## TASK GOAL
There is one span to output from the data below: the lines starting at the line with "日本轻奢锆石花朵珍珠耳环女小众高级感时尚百搭气质耳钉新款耳饰" and ending at the line with "14390229 1 —". Output it exactly, ends included, nothing more.

## SOURCE INFORMATION
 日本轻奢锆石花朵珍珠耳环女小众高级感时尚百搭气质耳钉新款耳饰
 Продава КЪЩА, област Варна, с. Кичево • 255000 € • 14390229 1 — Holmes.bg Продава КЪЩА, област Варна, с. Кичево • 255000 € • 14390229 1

--

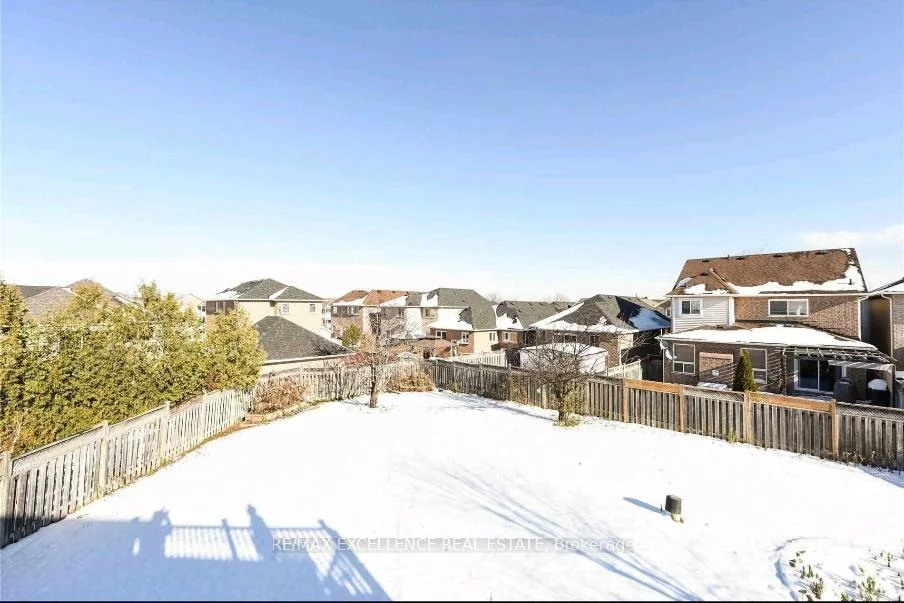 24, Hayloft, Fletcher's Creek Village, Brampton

## YOUR RESPONSE
 日本轻奢锆石花朵珍珠耳环女小众高级感时尚百搭气质耳钉新款耳饰
 Продава КЪЩА, област Варна, с. Кичево • 255000 € • 14390229 1 — Holmes.bg Продава КЪЩА, област Варна, с. Кичево • 255000 € • 14390229 1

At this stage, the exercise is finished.